Chapter 13 may be the answer.  How, you say.  Even if everything goes right, what am I going to do about that second mortgage?  Chapter 13 gives you the power to “strip” the second mortgage; that  is, convert the second mortgage secured debt into unsecured debt.  Then, the second mortgage gets paid pro rata with the credit cards and medical bills.  How much?  What ever is left over after paying your current monthly bills, your first mortgage arrearages, and the fee to your lawyer and the trustee.  Could be very little.  Plus the “second mortgage strip” also lowers the debt against the home by the amount of that second mortgage, bringing the debt down closer to the home’s market value.  Seems to satisfy both your short term and long term goals. Chapter 13 looks good, so you file under that chapter.   You know it is going to be a bit of a stretch, but if the stars line up right, you get to keep your home and discharge your debts.
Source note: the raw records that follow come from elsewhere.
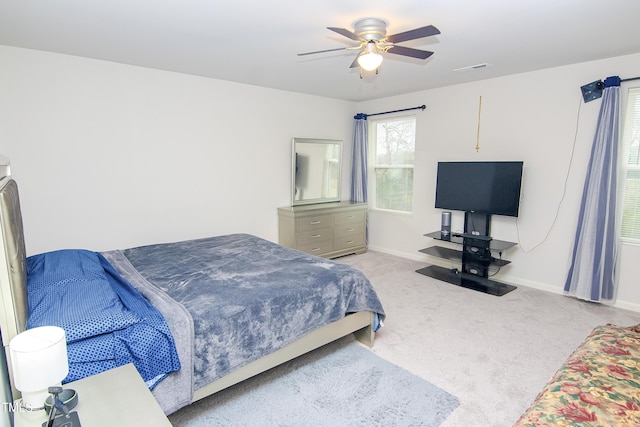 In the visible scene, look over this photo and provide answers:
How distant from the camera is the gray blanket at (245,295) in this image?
1928 millimetres

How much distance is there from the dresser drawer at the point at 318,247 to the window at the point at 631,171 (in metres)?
3.35

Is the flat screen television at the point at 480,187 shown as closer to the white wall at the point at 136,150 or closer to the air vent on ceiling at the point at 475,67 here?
the air vent on ceiling at the point at 475,67

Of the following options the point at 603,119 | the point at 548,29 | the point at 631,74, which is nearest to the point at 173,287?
the point at 548,29

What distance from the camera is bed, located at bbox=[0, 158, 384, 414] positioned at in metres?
1.52

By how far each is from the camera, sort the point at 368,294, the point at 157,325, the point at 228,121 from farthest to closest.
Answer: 1. the point at 228,121
2. the point at 368,294
3. the point at 157,325

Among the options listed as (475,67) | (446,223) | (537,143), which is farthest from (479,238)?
(475,67)

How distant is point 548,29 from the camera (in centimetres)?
259

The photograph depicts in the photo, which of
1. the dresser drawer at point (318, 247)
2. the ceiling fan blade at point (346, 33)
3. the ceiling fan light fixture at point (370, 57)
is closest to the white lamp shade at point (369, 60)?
the ceiling fan light fixture at point (370, 57)

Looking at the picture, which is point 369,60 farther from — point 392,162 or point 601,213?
point 392,162

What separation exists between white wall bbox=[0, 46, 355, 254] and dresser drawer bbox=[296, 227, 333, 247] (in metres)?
0.43

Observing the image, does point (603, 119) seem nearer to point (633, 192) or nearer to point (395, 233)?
point (633, 192)

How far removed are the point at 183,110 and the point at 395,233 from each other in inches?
137

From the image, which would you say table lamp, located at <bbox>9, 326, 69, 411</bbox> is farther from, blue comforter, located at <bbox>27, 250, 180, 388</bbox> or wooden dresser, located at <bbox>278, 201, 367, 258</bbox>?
wooden dresser, located at <bbox>278, 201, 367, 258</bbox>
15 months into the plan, your boss cuts back on most of your overtime.  You can’t even pay the first mortgage  much less the trustee.  If the case is dismissed, there is no more automatic stay so your creditors will come after you because you now have wages that can be garnished.  What to do?

The Bankruptcy Code explicitly states in that a Chapter 13 debtor may convert a case under this chapter to a case under chapter 7 at any time. Any waiver of the right to convert under this subsection is unenforceable.

Not a perfect solution, by any means.  However, better than being thrown to the wolves.  Let’s look at the scenario under the converted Chapter 7.  First, you do not have to make any more payments to the trustee.  That comes out to $3000 per year.  Second, your Chapter 7 case is over in about 3 months and you most probably get a discharge.  That means that you have knocked out all your debts (mortgage, credit card and medical).

BUT, the Code differentiates between the debt and the security for the debt.  The debt is discharged but the security (mortgage) remains on the property.   Unless you can make a deal with the mortgagees, you will probably lose your home.  But you will not owe any deficiency on the first mortgage or anything on the second.  Moreover, you will knock out the credit card and medical debt.

Now, if you work with experienced bankruptcy counsel, he or she will lay out this scenario in a way that you know or should know that you are taking a “shot”  to save your home.  If it works, God bless.  If not, you switch into a 7, get your discharge and move on with your life.

So conversion to Chapter 7 can be a decent result when the goals of Chapter 13 cannot be met, either because of unexpected circumstances or because the debtors took some calculated risks which did not go their way.